Task inputs Block Start

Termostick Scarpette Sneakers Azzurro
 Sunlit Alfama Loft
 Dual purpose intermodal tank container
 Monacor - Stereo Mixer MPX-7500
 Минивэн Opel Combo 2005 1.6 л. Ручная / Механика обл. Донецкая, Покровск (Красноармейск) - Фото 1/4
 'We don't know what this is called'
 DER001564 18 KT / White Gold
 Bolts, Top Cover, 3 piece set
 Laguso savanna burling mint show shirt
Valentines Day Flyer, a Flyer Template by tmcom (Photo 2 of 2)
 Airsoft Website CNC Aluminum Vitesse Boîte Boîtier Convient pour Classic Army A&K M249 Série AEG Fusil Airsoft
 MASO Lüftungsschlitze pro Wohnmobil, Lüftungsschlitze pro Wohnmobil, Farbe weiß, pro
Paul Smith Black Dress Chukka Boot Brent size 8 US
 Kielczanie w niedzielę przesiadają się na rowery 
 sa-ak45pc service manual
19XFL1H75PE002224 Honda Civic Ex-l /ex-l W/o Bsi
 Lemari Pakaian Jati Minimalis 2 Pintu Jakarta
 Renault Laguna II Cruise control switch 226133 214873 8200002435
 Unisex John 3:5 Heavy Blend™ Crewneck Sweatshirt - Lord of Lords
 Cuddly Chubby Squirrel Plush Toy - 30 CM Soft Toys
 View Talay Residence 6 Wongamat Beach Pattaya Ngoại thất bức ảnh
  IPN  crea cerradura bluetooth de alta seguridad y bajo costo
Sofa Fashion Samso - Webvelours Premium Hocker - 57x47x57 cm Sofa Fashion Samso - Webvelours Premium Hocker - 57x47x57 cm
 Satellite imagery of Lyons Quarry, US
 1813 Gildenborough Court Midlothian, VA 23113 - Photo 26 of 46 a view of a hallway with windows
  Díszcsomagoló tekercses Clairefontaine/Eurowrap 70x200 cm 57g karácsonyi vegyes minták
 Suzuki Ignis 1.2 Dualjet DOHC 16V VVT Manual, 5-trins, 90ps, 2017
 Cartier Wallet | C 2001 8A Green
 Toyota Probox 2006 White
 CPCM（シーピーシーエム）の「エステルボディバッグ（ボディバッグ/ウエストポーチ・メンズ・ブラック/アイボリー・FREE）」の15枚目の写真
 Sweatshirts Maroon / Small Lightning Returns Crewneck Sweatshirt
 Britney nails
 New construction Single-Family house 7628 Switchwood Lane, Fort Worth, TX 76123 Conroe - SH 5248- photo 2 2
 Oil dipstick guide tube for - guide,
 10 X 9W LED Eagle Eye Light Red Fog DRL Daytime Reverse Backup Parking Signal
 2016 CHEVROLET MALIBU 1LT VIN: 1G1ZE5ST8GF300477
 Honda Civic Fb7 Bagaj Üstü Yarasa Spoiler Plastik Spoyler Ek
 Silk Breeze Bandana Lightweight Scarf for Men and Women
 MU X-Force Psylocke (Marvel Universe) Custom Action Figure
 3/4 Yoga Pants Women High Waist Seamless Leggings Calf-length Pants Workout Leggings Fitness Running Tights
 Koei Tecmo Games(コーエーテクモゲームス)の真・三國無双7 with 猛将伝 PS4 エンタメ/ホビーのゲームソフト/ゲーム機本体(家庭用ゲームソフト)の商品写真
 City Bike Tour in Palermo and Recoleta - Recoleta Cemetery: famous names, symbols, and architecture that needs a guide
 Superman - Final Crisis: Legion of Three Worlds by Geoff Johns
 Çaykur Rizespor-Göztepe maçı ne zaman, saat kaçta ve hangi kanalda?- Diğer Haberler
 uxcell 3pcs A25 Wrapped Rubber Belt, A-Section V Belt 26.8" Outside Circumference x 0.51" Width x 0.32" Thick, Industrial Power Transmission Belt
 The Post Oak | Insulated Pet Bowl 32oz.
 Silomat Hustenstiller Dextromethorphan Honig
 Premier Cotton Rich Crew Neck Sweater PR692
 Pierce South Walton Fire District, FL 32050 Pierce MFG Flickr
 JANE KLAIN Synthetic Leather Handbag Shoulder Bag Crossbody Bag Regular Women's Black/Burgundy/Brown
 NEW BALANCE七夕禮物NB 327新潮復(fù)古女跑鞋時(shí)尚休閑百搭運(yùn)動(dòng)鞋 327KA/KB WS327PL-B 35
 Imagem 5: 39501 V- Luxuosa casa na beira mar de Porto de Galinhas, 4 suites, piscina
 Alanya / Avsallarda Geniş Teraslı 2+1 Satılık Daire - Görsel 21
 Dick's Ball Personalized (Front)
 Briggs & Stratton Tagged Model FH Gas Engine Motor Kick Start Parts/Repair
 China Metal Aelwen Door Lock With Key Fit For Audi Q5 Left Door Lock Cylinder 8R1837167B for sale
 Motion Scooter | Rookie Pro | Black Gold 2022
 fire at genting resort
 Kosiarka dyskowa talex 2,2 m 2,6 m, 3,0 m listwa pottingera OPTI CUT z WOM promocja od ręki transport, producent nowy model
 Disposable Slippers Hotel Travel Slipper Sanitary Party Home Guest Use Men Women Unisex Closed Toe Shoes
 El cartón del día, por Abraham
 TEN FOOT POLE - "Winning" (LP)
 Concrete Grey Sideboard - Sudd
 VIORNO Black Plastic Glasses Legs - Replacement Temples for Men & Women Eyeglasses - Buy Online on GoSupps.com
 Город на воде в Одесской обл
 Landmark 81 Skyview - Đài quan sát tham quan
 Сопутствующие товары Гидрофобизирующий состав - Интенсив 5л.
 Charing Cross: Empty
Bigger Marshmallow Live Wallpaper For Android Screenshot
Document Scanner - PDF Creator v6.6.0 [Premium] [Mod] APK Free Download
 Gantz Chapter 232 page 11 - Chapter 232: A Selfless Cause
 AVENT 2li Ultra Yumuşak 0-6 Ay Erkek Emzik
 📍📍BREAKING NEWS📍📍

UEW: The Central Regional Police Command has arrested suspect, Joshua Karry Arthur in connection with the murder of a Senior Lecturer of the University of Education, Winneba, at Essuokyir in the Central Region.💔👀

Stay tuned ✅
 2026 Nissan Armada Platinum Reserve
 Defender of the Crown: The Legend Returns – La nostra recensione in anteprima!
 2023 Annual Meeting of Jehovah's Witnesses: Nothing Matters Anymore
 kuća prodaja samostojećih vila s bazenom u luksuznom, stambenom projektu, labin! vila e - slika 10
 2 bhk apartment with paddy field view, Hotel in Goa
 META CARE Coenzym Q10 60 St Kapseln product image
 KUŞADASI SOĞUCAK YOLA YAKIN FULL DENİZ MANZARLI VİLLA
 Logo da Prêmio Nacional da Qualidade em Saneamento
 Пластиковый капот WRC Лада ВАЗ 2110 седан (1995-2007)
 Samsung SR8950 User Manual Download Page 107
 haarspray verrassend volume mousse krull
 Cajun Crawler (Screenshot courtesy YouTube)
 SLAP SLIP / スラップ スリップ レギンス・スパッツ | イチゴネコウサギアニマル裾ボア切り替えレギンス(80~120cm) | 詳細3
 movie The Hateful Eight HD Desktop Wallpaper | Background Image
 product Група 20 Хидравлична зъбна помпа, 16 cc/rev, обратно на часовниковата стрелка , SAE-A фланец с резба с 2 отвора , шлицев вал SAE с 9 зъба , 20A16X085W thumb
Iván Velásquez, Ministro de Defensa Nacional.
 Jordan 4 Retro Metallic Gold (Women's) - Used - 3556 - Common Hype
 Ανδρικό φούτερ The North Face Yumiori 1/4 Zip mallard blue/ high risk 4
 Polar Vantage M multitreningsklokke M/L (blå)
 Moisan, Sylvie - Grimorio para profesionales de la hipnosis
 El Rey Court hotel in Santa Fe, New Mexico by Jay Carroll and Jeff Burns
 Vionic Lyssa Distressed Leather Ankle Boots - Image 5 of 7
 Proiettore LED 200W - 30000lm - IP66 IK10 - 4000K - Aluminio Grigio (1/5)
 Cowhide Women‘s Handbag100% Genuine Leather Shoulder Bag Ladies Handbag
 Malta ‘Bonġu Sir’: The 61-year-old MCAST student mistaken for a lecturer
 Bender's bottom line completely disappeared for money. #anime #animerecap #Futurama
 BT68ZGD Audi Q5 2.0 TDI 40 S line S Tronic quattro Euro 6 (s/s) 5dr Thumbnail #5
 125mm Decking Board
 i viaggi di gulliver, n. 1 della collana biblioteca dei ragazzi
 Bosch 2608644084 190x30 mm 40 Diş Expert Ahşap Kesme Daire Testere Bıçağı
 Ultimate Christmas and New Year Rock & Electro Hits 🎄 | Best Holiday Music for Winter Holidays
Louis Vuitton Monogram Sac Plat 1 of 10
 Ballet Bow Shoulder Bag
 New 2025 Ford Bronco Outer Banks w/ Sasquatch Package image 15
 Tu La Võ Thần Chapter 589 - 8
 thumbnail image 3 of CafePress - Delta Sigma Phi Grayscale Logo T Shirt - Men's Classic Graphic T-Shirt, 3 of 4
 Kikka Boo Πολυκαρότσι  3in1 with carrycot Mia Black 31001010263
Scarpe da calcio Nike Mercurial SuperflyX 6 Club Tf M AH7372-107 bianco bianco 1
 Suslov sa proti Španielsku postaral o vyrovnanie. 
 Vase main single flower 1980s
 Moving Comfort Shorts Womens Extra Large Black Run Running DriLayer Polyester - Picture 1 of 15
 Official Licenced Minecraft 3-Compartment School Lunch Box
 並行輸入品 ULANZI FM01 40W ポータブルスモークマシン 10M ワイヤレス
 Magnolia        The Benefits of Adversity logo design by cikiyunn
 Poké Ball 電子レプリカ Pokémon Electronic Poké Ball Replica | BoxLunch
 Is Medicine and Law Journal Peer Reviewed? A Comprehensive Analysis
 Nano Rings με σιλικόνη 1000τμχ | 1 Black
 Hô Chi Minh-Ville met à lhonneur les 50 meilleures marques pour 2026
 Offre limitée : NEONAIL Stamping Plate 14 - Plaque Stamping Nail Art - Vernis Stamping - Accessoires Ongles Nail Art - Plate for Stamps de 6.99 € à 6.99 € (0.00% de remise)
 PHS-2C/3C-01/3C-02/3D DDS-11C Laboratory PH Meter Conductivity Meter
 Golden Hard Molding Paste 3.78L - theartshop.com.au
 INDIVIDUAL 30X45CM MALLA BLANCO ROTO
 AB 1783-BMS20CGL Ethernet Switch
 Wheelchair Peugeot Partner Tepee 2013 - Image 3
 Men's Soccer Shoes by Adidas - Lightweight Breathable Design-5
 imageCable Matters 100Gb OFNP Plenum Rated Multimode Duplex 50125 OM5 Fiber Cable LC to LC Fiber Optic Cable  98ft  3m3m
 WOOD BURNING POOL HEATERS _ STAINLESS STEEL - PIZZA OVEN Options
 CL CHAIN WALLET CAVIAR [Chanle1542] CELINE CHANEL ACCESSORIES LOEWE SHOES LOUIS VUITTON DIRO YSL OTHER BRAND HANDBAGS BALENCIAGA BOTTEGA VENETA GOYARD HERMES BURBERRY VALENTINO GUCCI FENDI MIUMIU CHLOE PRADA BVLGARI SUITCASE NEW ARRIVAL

Task inputs Block End

**Task objective:** From the records above, print only the lines between the one holding "Gantz Chapter 232" and the one holding "SLAP SLIP /", inclusive, exactly as they stand.

**Exercise result:**
 Gantz Chapter 232 page 11 - Chapter 232: A Selfless Cause
 AVENT 2li Ultra Yumuşak 0-6 Ay Erkek Emzik
 📍📍BREAKING NEWS📍📍

UEW: The Central Regional Police Command has arrested suspect, Joshua Karry Arthur in connection with the murder of a Senior Lecturer of the University of Education, Winneba, at Essuokyir in the Central Region.💔👀

Stay tuned ✅
 2026 Nissan Armada Platinum Reserve
 Defender of the Crown: The Legend Returns – La nostra recensione in anteprima!
 2023 Annual Meeting of Jehovah's Witnesses: Nothing Matters Anymore
 kuća prodaja samostojećih vila s bazenom u luksuznom, stambenom projektu, labin! vila e - slika 10
 2 bhk apartment with paddy field view, Hotel in Goa
 META CARE Coenzym Q10 60 St Kapseln product image
 KUŞADASI SOĞUCAK YOLA YAKIN FULL DENİZ MANZARLI VİLLA
 Logo da Prêmio Nacional da Qualidade em Saneamento
 Пластиковый капот WRC Лада ВАЗ 2110 седан (1995-2007)
 Samsung SR8950 User Manual Download Page 107
 haarspray verrassend volume mousse krull
 Cajun Crawler (Screenshot courtesy YouTube)
 SLAP SLIP / スラップ スリップ レギンス・スパッツ | イチゴネコウサギアニマル裾ボア切り替えレギンス(80~120cm) | 詳細3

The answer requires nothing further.